- Presented by: Natalija Bratkovič
- No. of days: 70
- No. of castaways: 18
- Winner: Milena Žižek
- Runner-up: Maja Alič
- Location: Mala Polana, Slovenia

Release
- Original network: Pop TV
- Original release: September 11 – December 22, 2017

Season chronology
- ← Previous Kmetija 2016 Next → Kmetija 2018

= Kmetija 2017 =

Kmetija 2017 is the eighth season of the Slovenian reality television series Kmetija.
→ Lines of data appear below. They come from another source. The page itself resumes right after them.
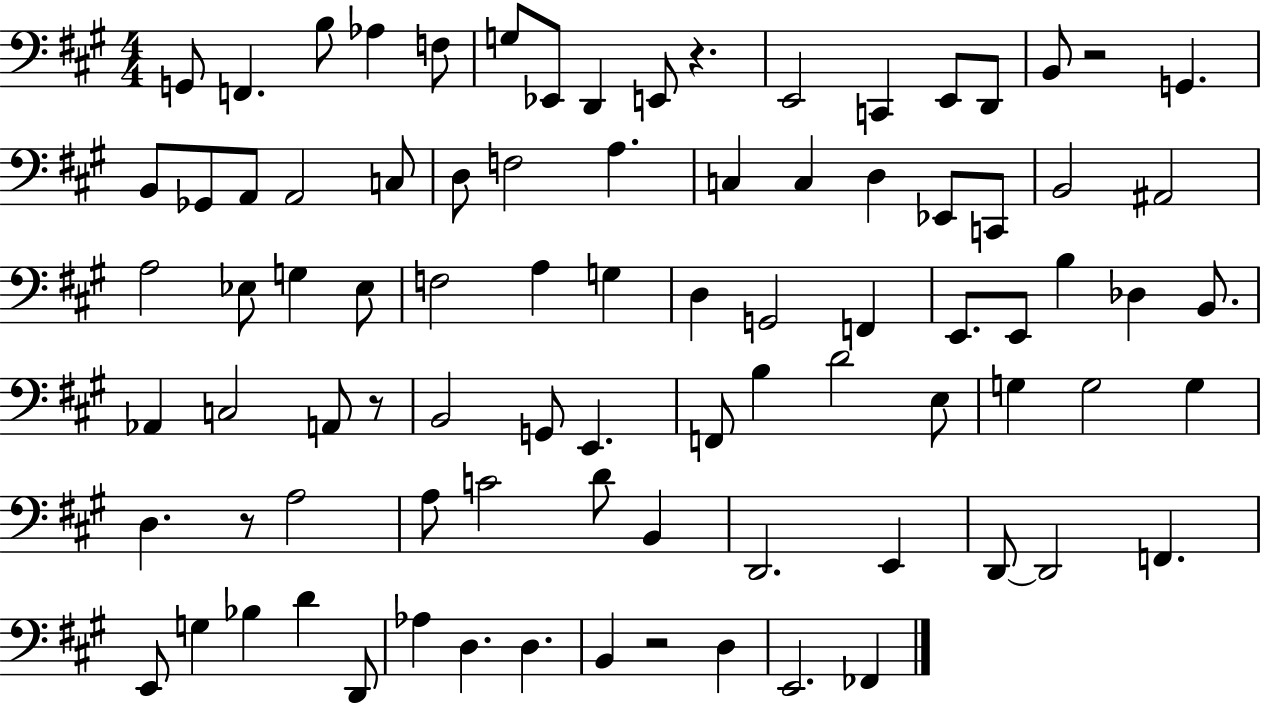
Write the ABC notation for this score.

X:1
T:Untitled
M:4/4
L:1/4
K:A
G,,/2 F,, B,/2 _A, F,/2 G,/2 _E,,/2 D,, E,,/2 z E,,2 C,, E,,/2 D,,/2 B,,/2 z2 G,, B,,/2 _G,,/2 A,,/2 A,,2 C,/2 D,/2 F,2 A, C, C, D, _E,,/2 C,,/2 B,,2 ^A,,2 A,2 _E,/2 G, _E,/2 F,2 A, G, D, G,,2 F,, E,,/2 E,,/2 B, _D, B,,/2 _A,, C,2 A,,/2 z/2 B,,2 G,,/2 E,, F,,/2 B, D2 E,/2 G, G,2 G, D, z/2 A,2 A,/2 C2 D/2 B,, D,,2 E,, D,,/2 D,,2 F,, E,,/2 G, _B, D D,,/2 _A, D, D, B,, z2 D, E,,2 _F,, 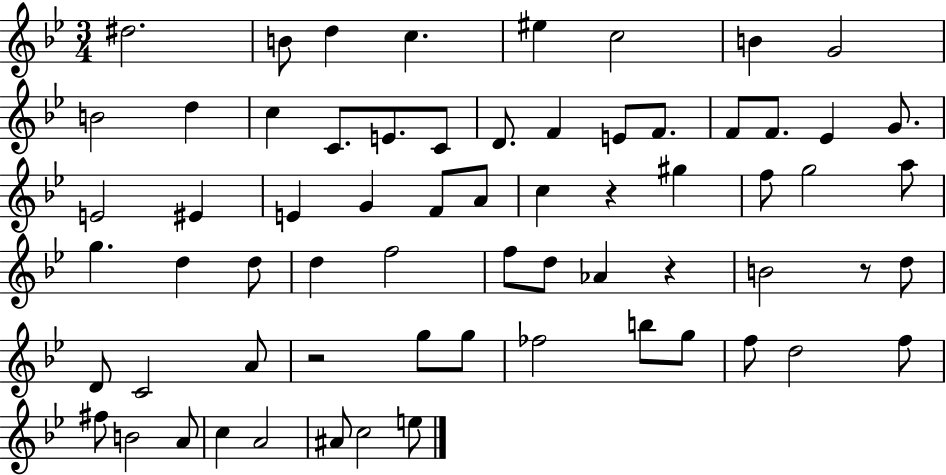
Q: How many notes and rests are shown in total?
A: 66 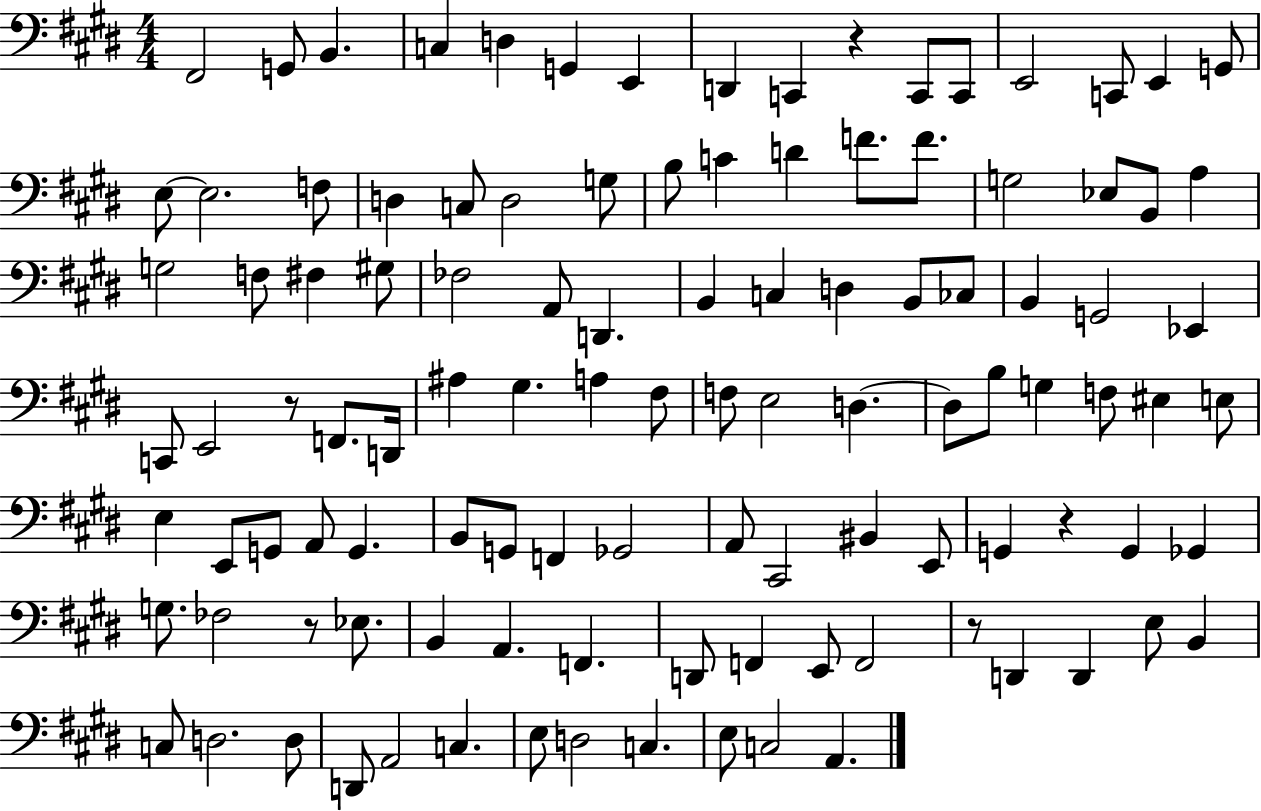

This is the first season since Kmetija 2011 to air on Pop TV after three seasons aired on Planet TV. The show is hosted for the first time by Natalija Bratkovič, where she has eighteen Slovenes from all over Slovenia come to the farm to compete for €75,000 and the title of Kmetija 2017. The season premiered on 11 September 2017 and concluded on 22 December 2017 where Milena Žižek won in the final duel against Maja Alič to claim the €60,000 prize after the prize dropped due to failure in some tasks, in addition to being named the winner of Kmetija 2017.

==Contestants==
Amongst the contestants are father Damijan Gjerkeš and his daughter Deja Gjerkeš.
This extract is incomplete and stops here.